=== Begin Enclosure ===

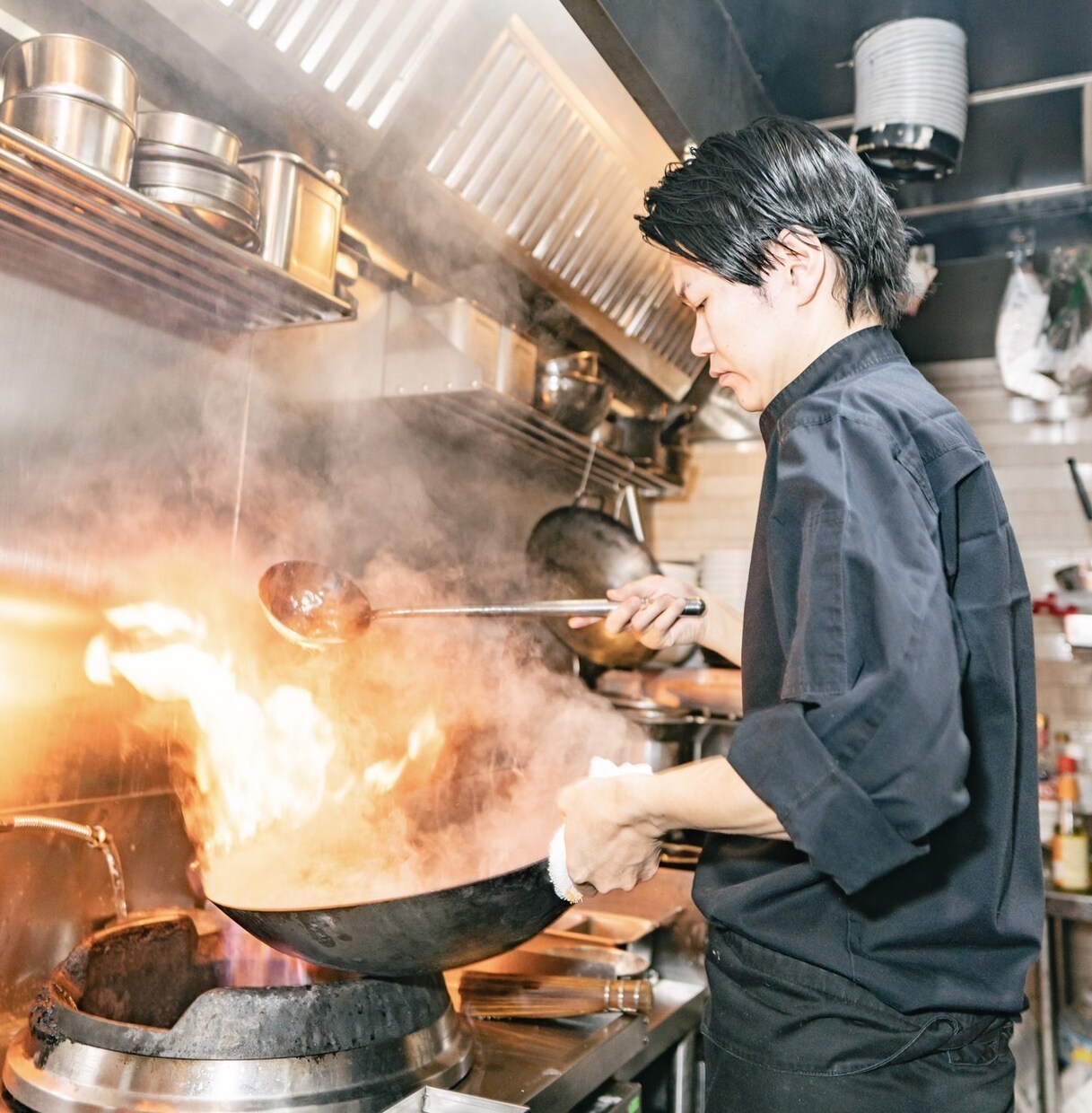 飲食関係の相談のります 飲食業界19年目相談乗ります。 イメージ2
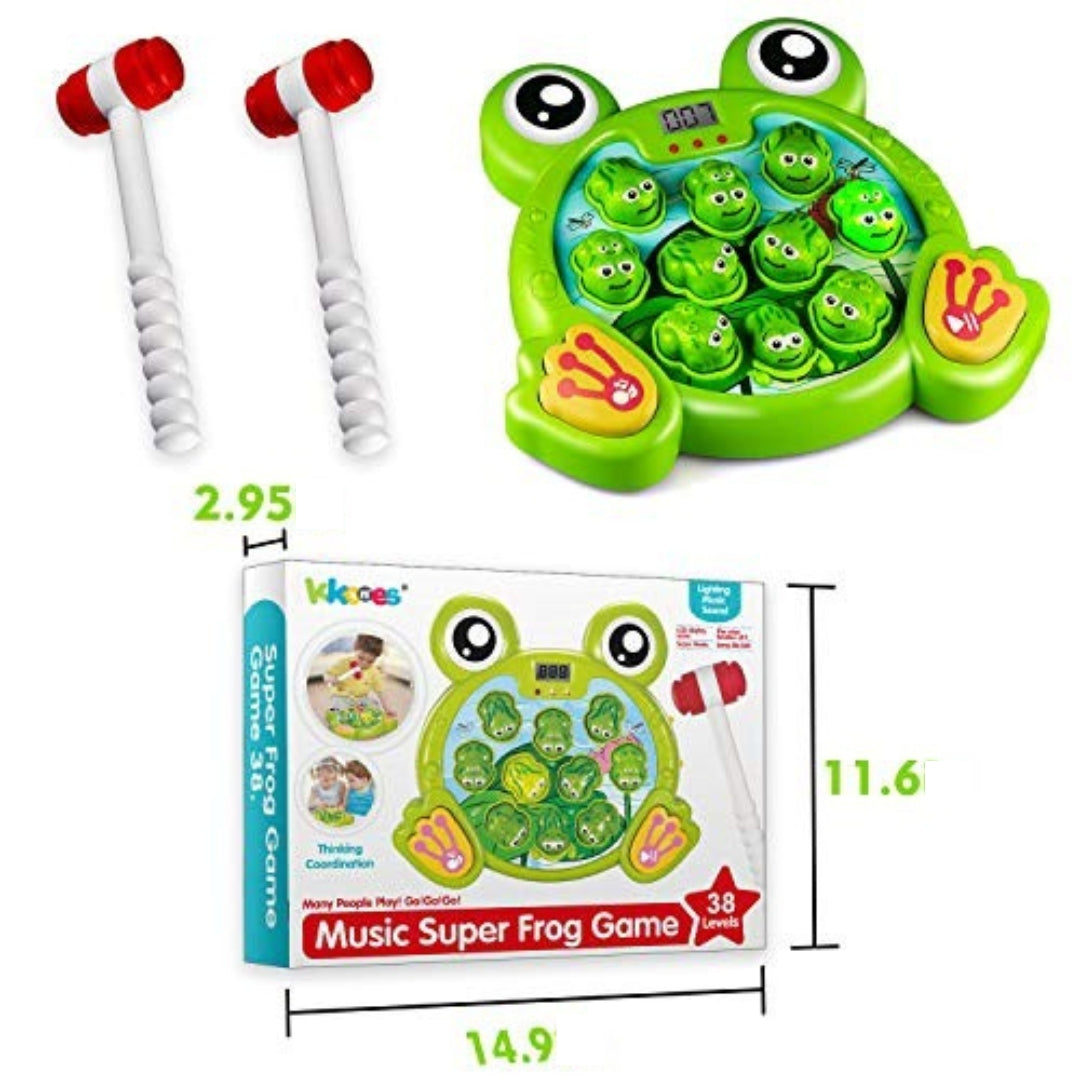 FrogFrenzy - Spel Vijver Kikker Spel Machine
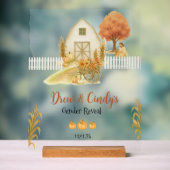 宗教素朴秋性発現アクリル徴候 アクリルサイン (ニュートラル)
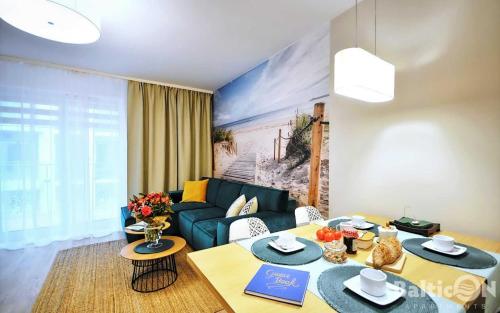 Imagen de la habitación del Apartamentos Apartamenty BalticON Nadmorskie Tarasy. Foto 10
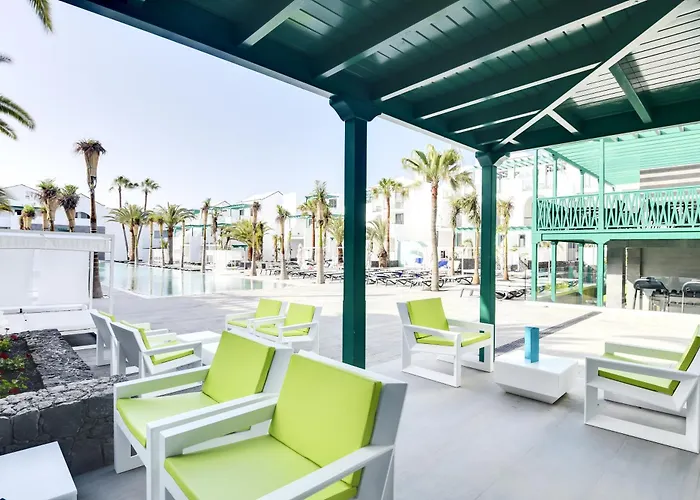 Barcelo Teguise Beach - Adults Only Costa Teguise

=== End Enclosure ===

*What to work on*: Word for word, restate all of the data, but do not copy the pictures.

*Result of this exercise*:
 飲食関係の相談のります 飲食業界19年目相談乗ります。 イメージ2
 FrogFrenzy - Spel Vijver Kikker Spel Machine
 宗教素朴秋性発現アクリル徴候 アクリルサイン (ニュートラル)
 Imagen de la habitación del Apartamentos Apartamenty BalticON Nadmorskie Tarasy. Foto 10
 Barcelo Teguise Beach - Adults Only Costa Teguise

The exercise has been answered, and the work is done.